A Save Iowa Workers! rally involving public workers across the state will also take place tomorrow at the state capitol starting at 10:30 a.m. outside of Gov. Terry Branstad’s office.
COGS and other public employees are on a mission to stand up against proposed changes supported by Branstad that could eliminate collective bargaining for Iowa’s public employees. In particular, COGS is concerned about losing its health care benefits and supplemental income, including tuition and fees. No bill has been filed in the legislature, so specifics aren’t available yet, but legislation is expected to be introduced any day now.
More University of Iowa graduate students are speaking publicly about their concerns, including Brittany Borghi, who is studying non-fiction writing.
“We work really hard to give back to the community,” Borghi said. “We don’t take the state benefits greedily; we’re taking them with a sense of openness and gratefulness.”
She cited events, master classes and ongoing public school outreach as some of the ways she and fellow writing graduate students contribute year-round. The graduate programs also bring new people into the community, she said.

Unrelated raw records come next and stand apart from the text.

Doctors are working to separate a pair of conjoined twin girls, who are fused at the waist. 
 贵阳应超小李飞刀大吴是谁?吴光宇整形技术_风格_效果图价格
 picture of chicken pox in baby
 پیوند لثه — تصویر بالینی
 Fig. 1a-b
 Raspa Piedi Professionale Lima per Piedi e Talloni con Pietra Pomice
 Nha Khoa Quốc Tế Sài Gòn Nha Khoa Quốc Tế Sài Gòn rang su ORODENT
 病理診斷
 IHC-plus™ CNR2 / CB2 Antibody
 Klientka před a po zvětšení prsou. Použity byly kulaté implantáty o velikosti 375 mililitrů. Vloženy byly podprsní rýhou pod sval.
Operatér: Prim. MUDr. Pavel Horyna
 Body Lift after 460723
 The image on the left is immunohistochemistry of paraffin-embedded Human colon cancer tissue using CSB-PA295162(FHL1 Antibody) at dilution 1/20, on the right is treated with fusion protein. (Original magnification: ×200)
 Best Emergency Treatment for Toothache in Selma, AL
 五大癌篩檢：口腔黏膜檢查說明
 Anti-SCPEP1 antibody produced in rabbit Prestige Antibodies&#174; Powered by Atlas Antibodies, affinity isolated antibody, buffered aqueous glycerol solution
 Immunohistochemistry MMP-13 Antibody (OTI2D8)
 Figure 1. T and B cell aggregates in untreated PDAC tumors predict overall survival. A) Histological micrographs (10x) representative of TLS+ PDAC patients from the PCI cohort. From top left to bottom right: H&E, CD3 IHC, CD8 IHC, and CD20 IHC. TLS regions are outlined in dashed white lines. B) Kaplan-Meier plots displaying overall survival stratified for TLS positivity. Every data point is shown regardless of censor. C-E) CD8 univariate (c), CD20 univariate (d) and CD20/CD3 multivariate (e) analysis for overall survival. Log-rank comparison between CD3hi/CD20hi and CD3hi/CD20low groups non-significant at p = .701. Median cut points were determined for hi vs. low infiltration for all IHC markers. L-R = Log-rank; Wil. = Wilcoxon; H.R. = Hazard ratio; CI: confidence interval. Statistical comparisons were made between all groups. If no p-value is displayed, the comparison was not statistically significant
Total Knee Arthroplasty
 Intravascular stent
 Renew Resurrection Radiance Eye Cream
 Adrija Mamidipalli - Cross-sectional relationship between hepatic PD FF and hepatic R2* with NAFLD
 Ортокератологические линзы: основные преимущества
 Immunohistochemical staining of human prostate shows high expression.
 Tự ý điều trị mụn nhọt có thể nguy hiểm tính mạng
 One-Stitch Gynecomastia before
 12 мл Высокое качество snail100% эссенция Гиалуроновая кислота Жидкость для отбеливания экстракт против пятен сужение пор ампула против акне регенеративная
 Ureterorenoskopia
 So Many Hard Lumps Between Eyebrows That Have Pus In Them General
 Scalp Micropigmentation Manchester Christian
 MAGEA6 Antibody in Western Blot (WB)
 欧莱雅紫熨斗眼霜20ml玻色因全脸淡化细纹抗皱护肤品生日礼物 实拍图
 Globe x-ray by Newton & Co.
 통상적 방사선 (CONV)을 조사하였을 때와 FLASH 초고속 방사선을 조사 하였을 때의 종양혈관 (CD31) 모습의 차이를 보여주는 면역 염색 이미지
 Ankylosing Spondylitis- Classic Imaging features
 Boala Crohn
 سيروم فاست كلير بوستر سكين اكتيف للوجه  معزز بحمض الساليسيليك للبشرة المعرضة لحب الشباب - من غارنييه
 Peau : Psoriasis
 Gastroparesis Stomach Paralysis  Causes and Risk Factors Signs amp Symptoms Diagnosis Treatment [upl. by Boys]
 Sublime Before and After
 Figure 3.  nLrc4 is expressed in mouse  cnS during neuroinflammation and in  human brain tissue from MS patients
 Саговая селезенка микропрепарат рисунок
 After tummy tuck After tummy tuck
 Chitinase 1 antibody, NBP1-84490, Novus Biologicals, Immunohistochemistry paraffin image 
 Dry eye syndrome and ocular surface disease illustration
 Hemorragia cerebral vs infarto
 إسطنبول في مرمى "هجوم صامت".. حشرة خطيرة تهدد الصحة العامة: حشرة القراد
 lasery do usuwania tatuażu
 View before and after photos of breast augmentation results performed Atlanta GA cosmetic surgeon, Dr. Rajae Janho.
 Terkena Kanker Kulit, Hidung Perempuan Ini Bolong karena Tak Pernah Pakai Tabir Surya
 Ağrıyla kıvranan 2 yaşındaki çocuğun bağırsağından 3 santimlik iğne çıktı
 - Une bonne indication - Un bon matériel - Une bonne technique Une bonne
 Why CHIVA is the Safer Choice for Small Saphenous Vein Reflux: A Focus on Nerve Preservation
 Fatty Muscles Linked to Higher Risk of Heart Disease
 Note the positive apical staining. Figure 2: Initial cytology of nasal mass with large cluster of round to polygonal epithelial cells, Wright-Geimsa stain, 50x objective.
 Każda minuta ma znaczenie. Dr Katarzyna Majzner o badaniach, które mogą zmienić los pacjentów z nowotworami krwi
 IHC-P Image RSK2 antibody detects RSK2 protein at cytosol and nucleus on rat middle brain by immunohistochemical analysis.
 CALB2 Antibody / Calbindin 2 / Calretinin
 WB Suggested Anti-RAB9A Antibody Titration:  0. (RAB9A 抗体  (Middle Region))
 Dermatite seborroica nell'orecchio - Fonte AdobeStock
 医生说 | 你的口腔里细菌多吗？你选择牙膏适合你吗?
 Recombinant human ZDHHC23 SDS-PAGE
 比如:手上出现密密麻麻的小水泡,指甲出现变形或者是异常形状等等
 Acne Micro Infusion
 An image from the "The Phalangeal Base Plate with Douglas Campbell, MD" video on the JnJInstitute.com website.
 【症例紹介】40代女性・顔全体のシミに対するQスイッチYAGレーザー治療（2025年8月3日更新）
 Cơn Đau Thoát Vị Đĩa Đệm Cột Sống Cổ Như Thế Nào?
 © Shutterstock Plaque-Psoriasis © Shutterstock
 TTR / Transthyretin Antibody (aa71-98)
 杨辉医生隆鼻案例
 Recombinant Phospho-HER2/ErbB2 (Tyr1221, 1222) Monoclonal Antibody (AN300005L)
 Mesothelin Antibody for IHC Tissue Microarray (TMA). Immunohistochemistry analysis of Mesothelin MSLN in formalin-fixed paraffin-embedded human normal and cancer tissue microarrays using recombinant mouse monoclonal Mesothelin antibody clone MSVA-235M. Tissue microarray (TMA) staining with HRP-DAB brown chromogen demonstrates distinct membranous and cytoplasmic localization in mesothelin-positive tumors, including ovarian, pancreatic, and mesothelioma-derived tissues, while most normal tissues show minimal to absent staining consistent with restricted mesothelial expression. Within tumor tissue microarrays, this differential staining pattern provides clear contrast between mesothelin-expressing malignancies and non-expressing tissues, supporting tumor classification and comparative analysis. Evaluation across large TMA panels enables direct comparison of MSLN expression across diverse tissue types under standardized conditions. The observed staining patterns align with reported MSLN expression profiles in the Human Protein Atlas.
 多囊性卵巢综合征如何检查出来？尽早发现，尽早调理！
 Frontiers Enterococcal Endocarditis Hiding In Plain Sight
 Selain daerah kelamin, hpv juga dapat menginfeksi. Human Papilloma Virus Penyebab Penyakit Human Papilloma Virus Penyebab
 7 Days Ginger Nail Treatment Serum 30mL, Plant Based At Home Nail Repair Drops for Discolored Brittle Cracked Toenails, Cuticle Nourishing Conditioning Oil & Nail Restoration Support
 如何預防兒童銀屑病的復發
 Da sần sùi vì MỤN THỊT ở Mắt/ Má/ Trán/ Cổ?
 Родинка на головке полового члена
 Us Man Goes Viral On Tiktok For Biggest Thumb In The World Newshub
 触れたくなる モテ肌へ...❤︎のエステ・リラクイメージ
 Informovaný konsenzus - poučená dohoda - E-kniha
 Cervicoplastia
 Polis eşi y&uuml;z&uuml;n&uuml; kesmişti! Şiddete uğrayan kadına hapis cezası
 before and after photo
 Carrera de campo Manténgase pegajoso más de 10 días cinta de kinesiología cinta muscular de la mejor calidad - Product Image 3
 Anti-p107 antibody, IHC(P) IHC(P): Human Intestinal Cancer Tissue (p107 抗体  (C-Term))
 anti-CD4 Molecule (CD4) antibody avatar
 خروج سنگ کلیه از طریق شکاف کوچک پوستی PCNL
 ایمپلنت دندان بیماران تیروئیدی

“We attract people from all over the globe to come to Iowa, and many of those people end up spending their lives here,” Borghi said.
Most graduate students already are making financial sacrifices to continue their education, Borghi said, and some could be forced to end their graduate degree pursuits if the Republican-led proposals on collective bargaining and public worker benefits were changed. Currently, graduate students are guaranteed an annual stipend of about $18,000.
“It’s scary,” Borghi said. “I’m looking to the Legislature for some leadership.”
COGS has already started pressing university officials to guarantee current benefits will be retained regardless of changes in collective bargaining statewide.
Their efforts have, so far, resulted in a generally supportive statement from UI Graduate College Dean John Keller, but no assurances. Elkind and other labor leaders are urging members of the community and other public workers to join them in speaking out at their local city council meetings. Iowa City’s next meeting is 7 p.m. Tuesday.
“We encourage people to talk about how business depends a lot on graduate students, or how their child has been taught by grad students,” Elkind said. “Everybody has a stake in this fight.”

State workers are also speaking out more prominently. Becky Dawes, the Cedar Rapids-based president of the 3,000-member UE Local 893/Iowa United Professionals, wants to remind Iowa citizens that “public employees are taxpayers and consumers, too.”
“If you cut wages and benefits of public workers of any kind, you’re also reducing state revenue,” she said. Lower benefits also mean more stress for public workers, many of whom already face stressful jobs like Dawes’ position, which is a child abuse investigator.
“Nobody’s going to want to work in a stressful environment,” she said. “It’s a circular relationship. When you attack public workers, you attack everyone.”